The cows had to be stopped from contaminating the water supply, or a 200-plus acre nature preserve in Delaplane, Virginia, where a creek of piss and shit almost made it’s way into the Potomac, could have been catastrophic.

Daniel Liberson’s family bought the sprawling property in 2006 and, in a joint effort with the Nature Conservancy and the Army Corps of Engineers, set forth in the largest private undertaking of a stream restoration in Virginia’s history. By ceasing the herd mentality through privatization and paddocking, cattle no longer trampled the riverbanks, saving water from contamination, in turn encouraging cultivated growth on the land rather than chaos. Which makes this a story about preservation––not once, but twice.

New flora was planted to anchor the land, and Bolling Branch Stream became a tributary to greater things. What was once a worried site of runoff became fertile enough ground to reintroduce native plants such as pawpaw, spicebush and mulberry. Liberson, with the humor of a Jewish comedian from the Catskills Mountain Borscht Belt and the cynicism of seasoned cook, picked weeds off his family’s estate. In time, this foraging (inspired by his time in the kitchen with John Shields at Town House restaurant in Chilhowie, Virginia) became a stockpiling of ingredients to build his inadvertent vinegar company, Lindera Farms.

Using his seasoned palate and the nuanced hand of a farmer, Liberson crafted a line of vinegars devoid of that expected acetone punch-in-the-chest you get with other brands. He began collecting ramps in the early spring, applying malolactic fermentation to the leaves and creating a layered effect in his vinegar that tastes like drunk nachos—no joke, there are notes of sour cream and chives.
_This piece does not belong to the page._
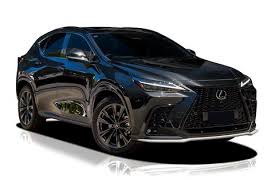 Image result for Starlight Black 2015 NX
His year ends with ripe persimmons in late fall, but the seasonal approach to vinegar allows Liberson to capture (and sell) the essence of wild black raspberries far past the summer months. Unlike the wine calendar, where a bottling is often released a full revolution of the sun (if not years) beyond it’s harvest, Lindera Farms is operating off a “living pantry” full of acetobacter. It’s funny then, that Liberson is a non-interventionist; it’s hard for anyone in the industry to just let whatever it is happen naturally. With a newfound sense of patience, Liberson waits for the right moment to release his vinegars into the world.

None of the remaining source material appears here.